Muhammad Bahjat Athari worked as a teacher in 1924. Four years later, he founded the Young Muslim Men Association for youths. In 1936, he was appointed by the government to be the director of Baghdad's endowments. At the same time, he was a professor at a college and the general director of the Islamic Endowments of Baghdad. Bahjat then became an editor for the Aalam Islam magazine in 1938.

Bahjat served as a member of the Iraqi Academy of Sciences and supervised the editing of its magazine. He also served as a member of the Arab Scientific Academy in Damascus, Syria, the Arabic Language Academy in Cairo, Egypt, the Academy of the Kingdom of Morocco, the Supreme Advisory Council of the Islamic University of Medina and the Translation and Authorship Committee. He was also pro-Palestinian, and he participated in the membership of pro-Palestinian societies.
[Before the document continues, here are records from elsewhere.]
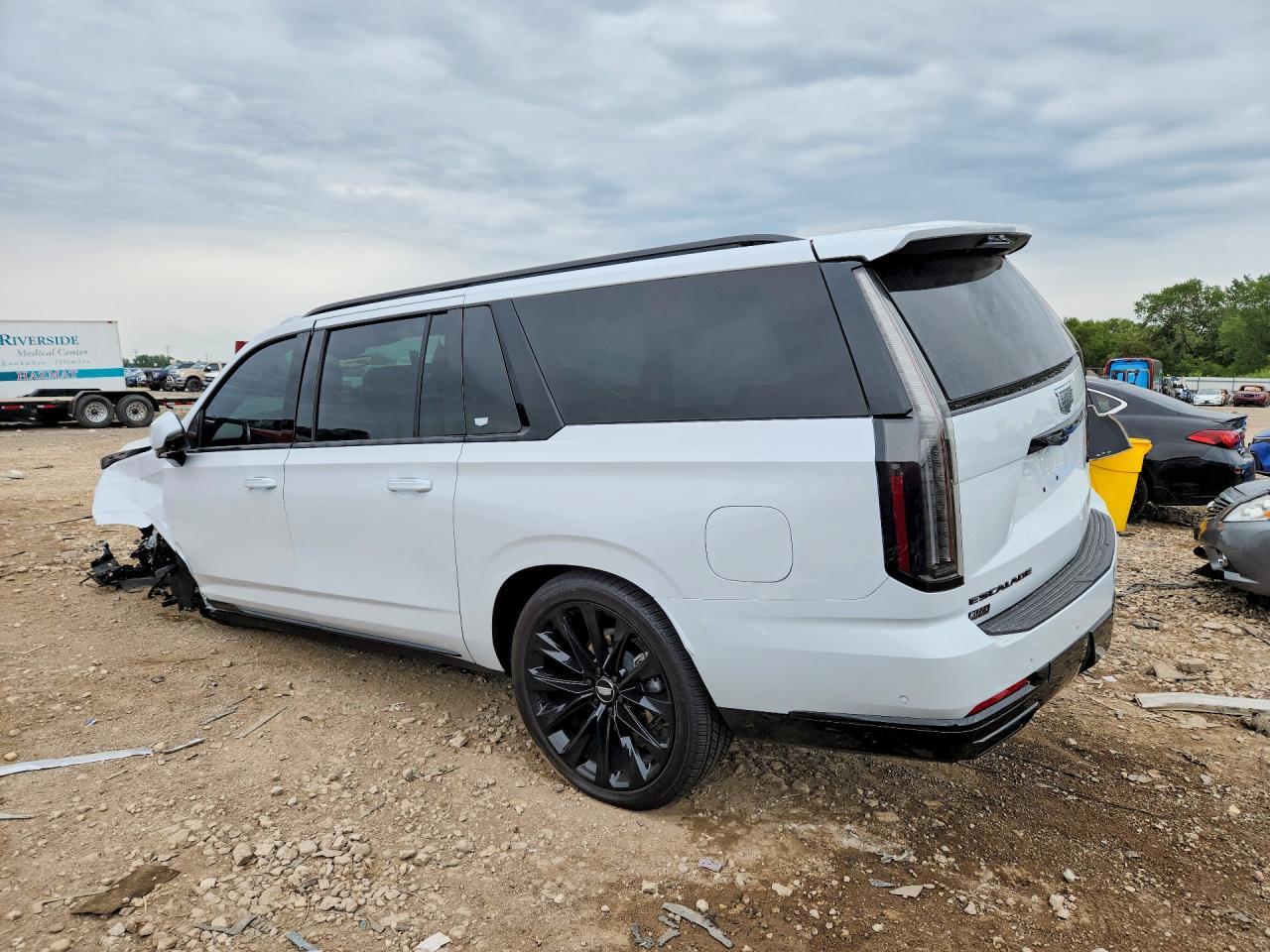 2026 Cadillac Escalade Esv Sport Platinum - Фото 2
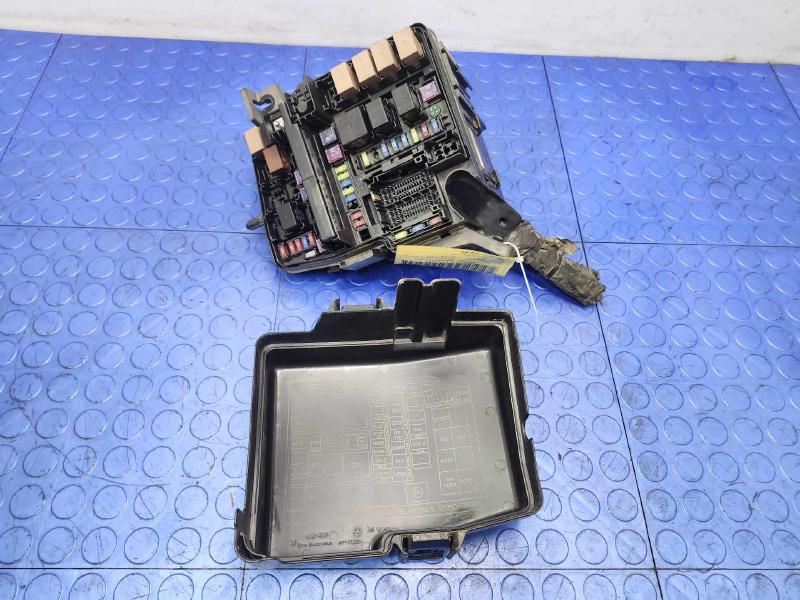 2011-2014 Hyundai Sonata 2.4 Engine Fuse Box Relay Junction Block OEM 912003Q101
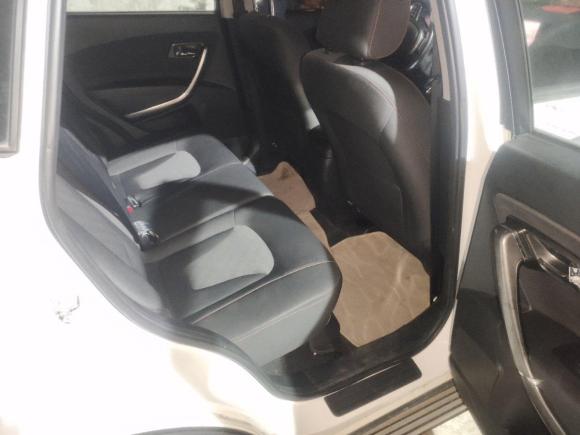 [广州·粤E] 二手奔腾奔腾X802015款 2.0L 自动舒适周年纪念型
Bahjat was a master calligrapher, with a unique style similar to Mahmud Shukri al-Alusi. He was also interested in history and biography. His historical writings include the Kitab Aalam Iraq, which contains the biographies of prominent figures of Iraq. He was also a poet, and he has two huge collections of poetry.
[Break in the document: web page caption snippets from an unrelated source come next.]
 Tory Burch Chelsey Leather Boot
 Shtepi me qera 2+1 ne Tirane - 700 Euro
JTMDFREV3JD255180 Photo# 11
Muhammad Bahjat Athari died in 1996 in Baghdad, at the age of 92 years.

== Origin of his nickname “Athari” ==
There is a story about how Muhammad Bahjat received his nickname "Athari". It is said that Bahjat was learning the book Maraqi al-Falah bi Imdaad al-Fattah Sharh Nur al-Idah from his teacher 'Ala al-Din al-Alusi, but he did not like the book and asked his teacher not to study it. So his 'Ala al-Din al-Alusi said to him, "What do you want to read?" Bahjat said, "I want to get to know the true Islamic jurisprudence." So, 'Ala al-Din told him, "Then, you are of the Athari." Bahjat asked him about the meaning of "Athari," so his teacher said to him, "The Athari is a person who follows the way of the prophet, may blessings and peace be upon him, in word and deed."

==Works==
Among his twenty-five works include:

- Kitab Aalam Iraq
- al-Khutut al-Aridat fi Tarikh al-Adab al-Arabi
- al-Muwaffaq fi Tarikh al-Arabi
- Muhadhib Tarikh al-Masajid Baghdad wa Thariha
- Masaat al-Sha'ir Waddah al-Yaman
- al-Iatijahat al-hadithat fi al-Islam (Recent TTends in Islam)
- Hayaat Mahmud Shukri al-Alusi wara'ah al-Lughawia (The Life and Linguistic Views of Mahmud Shukri al-Alusi)
- al-Zawahir al-Kawniat fi al-Qur'an (Cosmic Phenomena in the Qur'an)

Aside from books, Bahjat also wrote for and contributed to the Lughat al-Arab magazine in the mid-1920s.

== Positions ==
- Director of the Baghdad General Waqf Directorate.
- Head of the Iraq Academy of Sciences
- Member of the Arabic Language Academy in Damascus, Jordan, and Cairo

== Awards ==
- King Faisal Prize for Arabic Literature in 1986
- Saddam Hussein International Prize.